My unit was departing Fort Polk, Louisiana, after a month-long Joint Readiness Training Center rotation. I was co-pilot of the lead aircraft in a four-ship formation of UH-60Ms. I had 1,100 hours of flight time, and the pilot in command (PC) had 800 hours. Our first leg would take us from Self Army Airfield to Texarkana Regional Airport in Arkansas. Takeoff was delayed for nearly an hour and a half as we waited for a low cloud layer to burn off at Fort Polk. The weather briefing that morning forecasted a broken layer about 7,000 feet above ground level (AGL) and a bottom layer at 1,000 feet at points en route to our location. The flight was scheduled to take one hour and 40 minutes.
After departing about 10 a.m., the flight leveled off at 1,000 feet AGL. Everything was going well and we were on our way home. I was on the controls for the entire first leg. About 30 miles north of Fort Polk, we began to encounter a very sparse, low-level cloud layer at about 700 to 800 feet, so we climbed to maintain clearance. As the flight continued north, the cloud layer below us slowly increased from few to scattered and finally to broken. We talked about the increase in clouds throughout the flight, and no sooner than I realized we should make a decision about what action to take, the radio came to life.
The company standardization pilot was in Chalk 2, and the company commander, who was also the air mission commander for the flight, was in Chalk 3. When we were about 20 miles southeast of Barksdale Air Force Base (BAFB), the decision was made to contact approach and proceed to the base. The radios in my aircraft were sketchy at best. We had trouble contacting approach control despite attempts on both the VHF and UHF radios. After several minutes of no contact, Chalk 2 was able to reach air traffic control. At this point, we heard half of the radio transmissions (Chalk 2), which only added to the confusion in the cockpit.
As we a turned west toward BAFB, my PC established communication with approach, but I had pulled up my pin switch on COM 2 to try to better hear Chalk 2 talking to approach. My PC was unaware of this, and I should have announced the fact to the crew that I had pulled up the pin switch. The flight was closing in on BAFB airspace, and with the confusion due to the lack of communication, I considered descending through a sizable break in the cloud layer that I spotted in front of the flight.
I started to slow and lower the collective. At the same time, I announced this to my PC, who replied, “Don’t descend!” I quickly realized it was a terrible move and readjusted the flight controls to maintain the previous parameters.
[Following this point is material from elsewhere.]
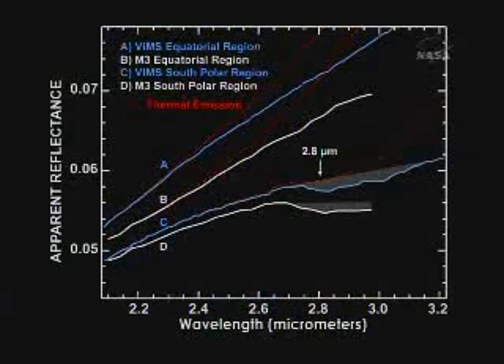We can see more of the water band, so we can better define it where the heat is coming out. The moon is quite hot, so these red dashed lines on there are the thermal emission from the moon before we removed it from the spectra. We have to remove the heat before we can see the water well, especially at the lower latitudes.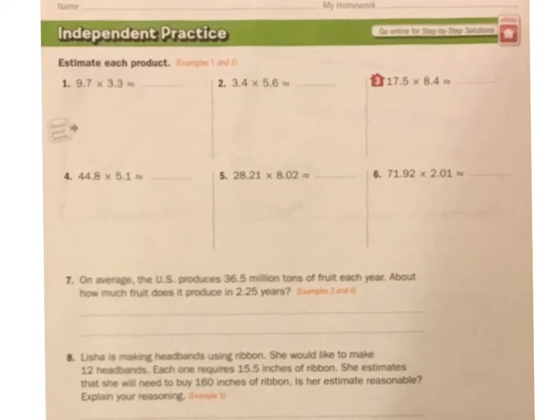This is independent practice 3.2. Hopefully you've had a chance to try some of these problems and you're just checking to see how you did.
I noted that I had slowed nearly 20 knots indicated airspeed during the deceleration, which was a serious hazard to all aircraft in the flight. The flight continued and every aircraft safely completed an instrument landing into BAFB.
I realize that if we had actually been in the clouds instead of between the layers, I would have handled everything per the standards. We always practice inadvertent instrument meteorological conditions (IIMC) procedures, but I had never actually flown in between layers. The factors that led me to attempt to descend below the layer are no excuse for actually trying it. I was trusted with the duties of flight lead and nearly let my commander and unit down in those duties. When confronted with IIMC, the key is to commit and stay committed, regardless if you are “in the clouds” or “over the top.” And beware of sucker holes!